Reputation: 11
I have the follwing code. The doc.body.text() statement doesn't output the text within the style and the script tags. I read the .text() function code , and it looks for all instances of TextNode. What is a TextNode in Jsoup.
And why is the script text not included in the .text() output.

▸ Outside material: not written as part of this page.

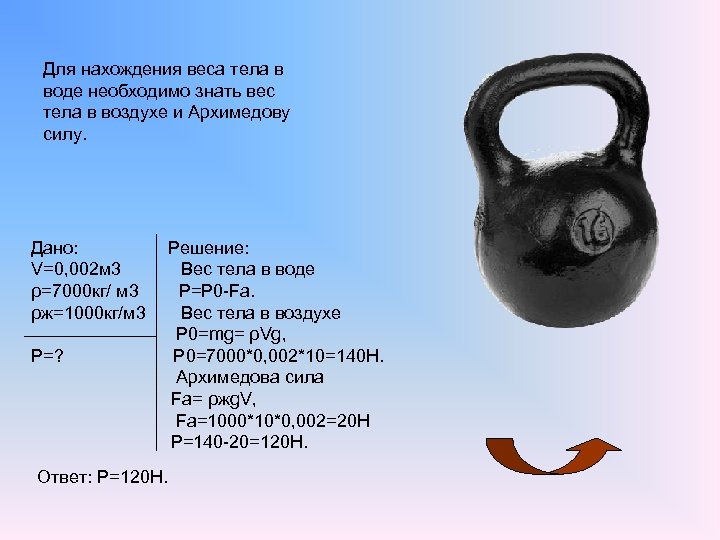 Для нахождения веса тела в воде необходимо знать вес тела в воздухе и Архимедову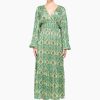 Online JANICE Jurk Lang Print Viscose Milan Groen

String contex = "<html><body><style>style</style><div>div</div><script>script</script><p>paragraph</p>body</body></html>";
Document doc = Jsoup.parse(contex, "UTF-8");
String text = doc.body().text();
System.out.println("Test text : " + text);
Output : paragraphbody
Upvotes: 1
Views: 1108
Reputation: 68393
And why is the script text not included in the .text() output.
Because script
and style
has data, not the text.
To get data from script
's data, use getElementsByTag
Elements scriptElements = doc.getElementsByTag("script");
and access by getWholeData
for (Element element :scriptElements ){
for (DataNode node : element.dataNodes()) {
System.out.println(node.getWholeData());
}
System.out.println("-------------------");
}
As per source code, for style
or script
tag is treated as dataNode instead of textNode
void insert(Token.Character characterToken) { Node node; // characters in script and style go in as datanodes, not text nodes final String tagName = currentElement().tagName(); final String data = characterToken.getData(); if (characterToken.isCData()) node = new CDataNode(data); else if (tagName.equals("script") || tagName.equals("style")) node = new DataNode(data); else node = new TextNode(data); currentElement().appendChild(node); // doesn't use insertNode, because we don't foster these; and will always have a stack. }
Upvotes: 1
Reputation: 2751
For this you need to use org.jsoup.select.Elements
to parse the tags like <script>
.
String contex = "<html><body><style>style</style><div>div</div><script>scripts</script><p>paragraph</p><p>body</p><script>787878</script></body></html>";
Document doc =Jsoup.parse(contex, "UTF-8");
Elements scriptElements = doc.getElementsByTag("script");
for (Element el :scriptElements ){
for (DataNode dn : el.dataNodes()) {
System.out.println(dn.getWholeData());
}
}
OP:
scripts
787878
Upvotes: 1